Prisoner A reasons as follows: "If B testifies against me, I will get a one-year sentence if I stay silent, but only three months if I testify against him. If he stays silent, I will get a one-month sentence if I stay silent, but I will walk free if I testify against him. So, in either case, I get the lighter sentence by testifying against B."
Of course B reasons in the same way, and so both prisoners testify against each other and go to jail for three months, even though they could (from their point of view) have achieved a better outcome by cooperating and both staying silent. In the language of game theory, the Nash equilibrium is suboptimal.

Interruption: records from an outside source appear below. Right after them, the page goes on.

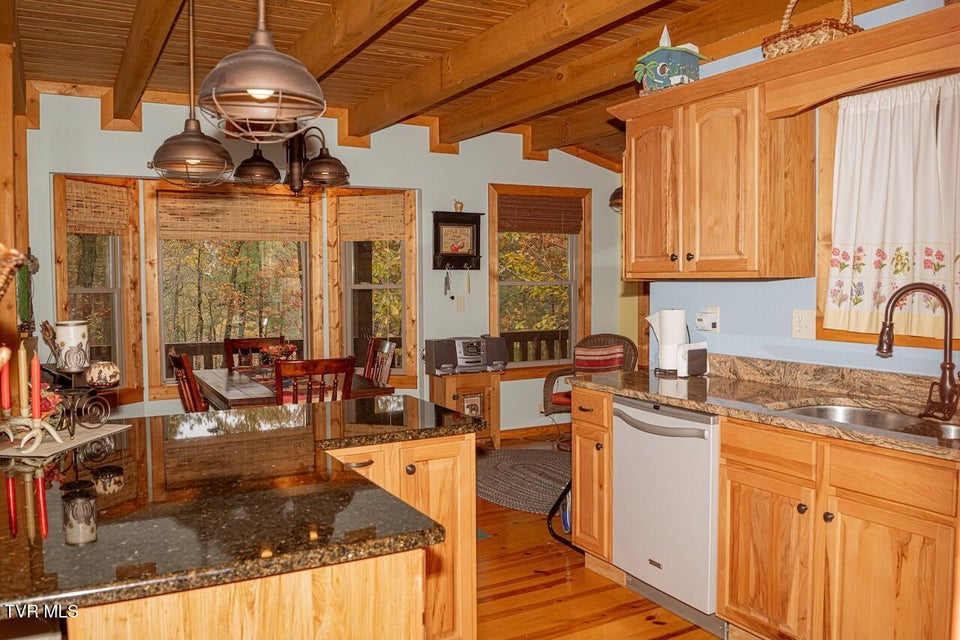 Photo #40: 13945 Asheville Highway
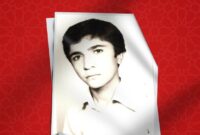 مرگ برای مجاهدان‌ توأم با جاودانگی است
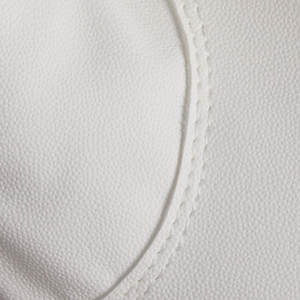 Servicios OEM, Guantes de Equitación de Diseño Único, Guantes de Equitación de Alta Calidad y Bajo MOQ para Unisex - Product Image 6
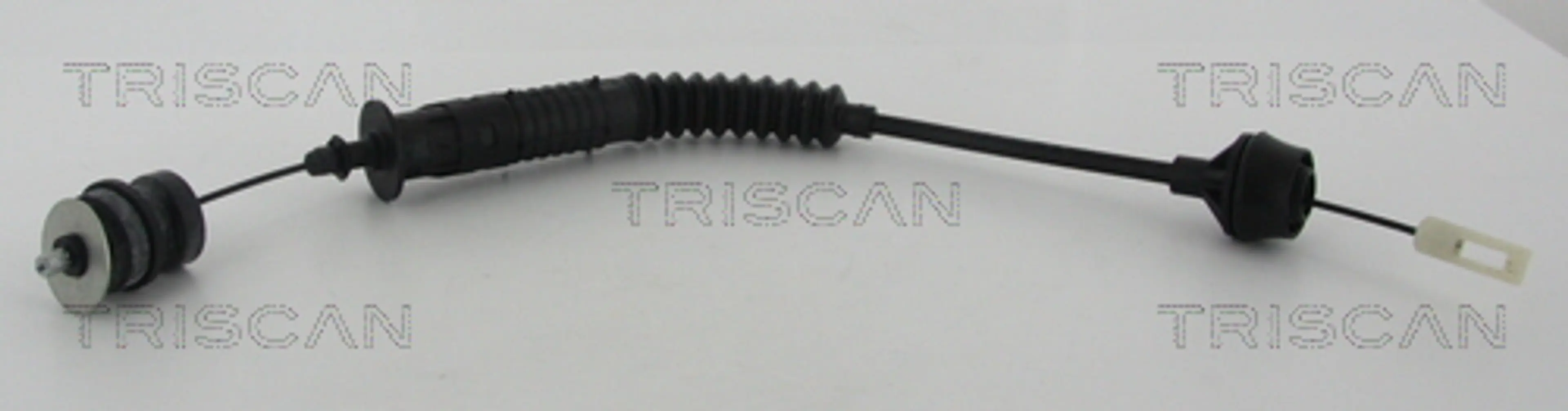CABLE DE ACCIONAMIENTO, ACCIONAMIEN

This very simple model has a logical structure that is present in many other dilemmas of choice. For instance, we could think of A and B as nations in a world menaced by carbon emissions. Each nation has the choice whether to adhere to some "Kyoto-style" emissions protocol (cooperate/assist), or o disregard it and go full steam ahead with growth as usual in the hope that the other will take up the slack (defect/betray). Just as in the prisoner's dilemma, both parties may decide that it is in their interests to defect, thus pushing their world onto a suboptimal trajectory.

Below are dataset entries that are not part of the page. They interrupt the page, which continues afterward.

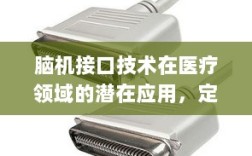 脑机接口技术在医疗领域的潜在应用，定向药物递送与癌症晚期疼痛管理的探索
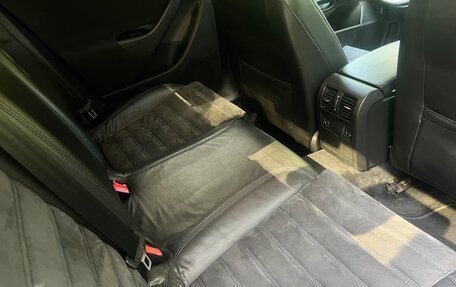Volkswagen Passat B6, 2007 год, 700 000 рублей, 7 фотография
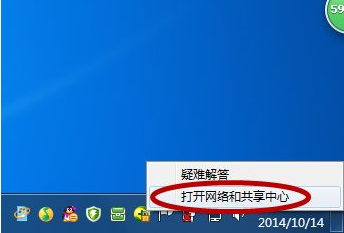 1632022340133157.png image.png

The Prisoner's Dilemma and similar games have been analyzed since the 1950s, when they were originally devised by RAND Corporation strategists thinking about nuclear war. An important development in the 1980s arose from observing that the paradoxical nature of PD is tied to the fact that the "game" is played only once - this may be appropriate when we're talking about thermonuclear war but in lower-stakes contexts the "players" may have to maintain a continuing relationship. So a new study arose of iterated Prisoner's Dilemma where the same two people play a long series of PD games and adjust their strategies according to what they learn of the other player's character from his/her game-playing behavior. The results of these investigations were popularized in a book whose title, The Evolution of Cooperation, summarizes its main theme. On the basis of extensive computer experiments the author, Robert Axelrod, contended that, in the long run, "cooperative" strategies would win out over others (and indeed that the simplest cooperative strategy would do best of all).
|Freeman Dyson. Source: Wikimedia Commons|
Unfortunately there was no mathematical proof of this sanguine conclusion, and the reason has become clear this year with the publication of an extraordinary paper, Iterated Prisoner's Dilemma contains strategies that dominate any evolutionary opponent, by William Press and Freeman Dyson. In this short article the authors show, using nothing more than undergraduate-level linear algebra and probability theory, that "extortionate" strategies exist in iterated PD: if A plays an extortionate strategy, then s/he can guarantee a better long term payoff than B, whatever strategy B plays. [Technical footnote: there is one exception to this, where both players' payoffs are equal - but in that case the payoffs are equal to those of the suboptimal Nash equilibrium, the "both defect" strategy. Any excess payoff over this minimum goes disproportionately to A.]
It's not clear (to me) what practical implications this will have, but it is a striking example of the power of mathematical insight.